Afet, Politika, Sanat
Rego’nun aile geçmişine ve kendi hikâyesine sinen Salazar fonu nasıl resminde yankı bulduysa, son 10-15 yılda yaşadıklarımızın bugünün genç ve sıra dışı sanatçılarında da karşılık bulacağını ve önümüzdeki on yıllarda böylesine güçlü eserler ortaya koyarak tarihe ve sanat tarihine iz düşeceklerini umuyorum. Thomes Hobbes’un “Doğa Durumu” tanımına son derece uygun bir ortamda kaldığımız, bizi birbirimizden koruyacak gerçek bir “Leviathen” bulamadığımız bu yıllarda ardı ardına gelen depremler, seller, yangınlarla sarsılmanın; değişen yaşam tarzı ve toplum alışkanlıklarının; bastırılan duyguların, düşüncelerin plastik ve elbet dijital sanatlarda kuvvetle karşılık bulacağını ve pek çoğumuzun yerine tıpkı Rego gibi bu yolla dışa vurum sağlayarak bizi biraz huzura erdireceğini düşünmek haksız bir beklenti olmasa gerek…
Sanatçının 2009’da tamamladığı İbadet Odası, serginin ve belki de bu dönemin en can acıtan, güçlü işlerinden. Terk edilmiş çocuklar için açılan bir müze için üretilen bu eser insanın göğsünde bir ağrı ve ensesinde bir soğukluk yaratacak denli üzücüydü, İbadet Odası’nı depremden önce değil de deprem sonrasında görmüş olsaydım sanırım çok daha sarsıcı duygularla izlerdim.
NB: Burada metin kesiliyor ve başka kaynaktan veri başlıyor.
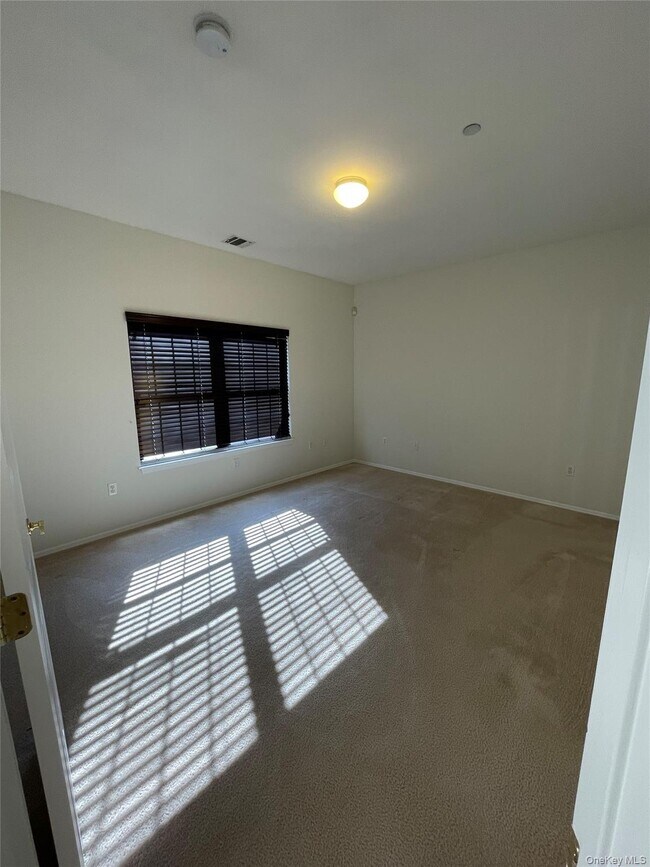 Building Photo - 75 Jacqueline Way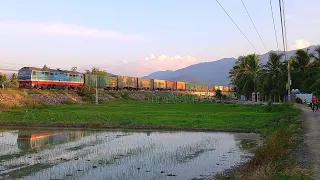 Tàu hàng AH2 - Đường Sắt Việt Nam- VietNam railways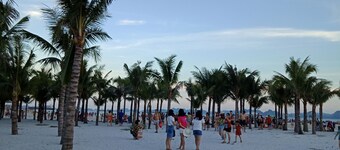 La Mer Halong perfect for romantic couples and families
Çocukların, annelerin çaresizliğini, kimsesizliğini, ortada bırakılmışlıklarını kapakları açılıp kapanabilen bir odaya sığdıran sanatçı sanki sosyal medya çağında olan biteni ve gündemi ne hızla unutup ne hızla tekrar hatırladığımızı da göstermiş farkında olmadan. Göz açıp kapayıncaya dek…
Haziran 2022’de aramızdan ayrıldığı için İstanbul’daki sergisini görememiş olan Paula Rego’nun “Hikâyelerin Hikâyesi” sergisi 30 Nisan 2023’e dek Pera Müzesi’nde ziyaretçilerini bekliyor.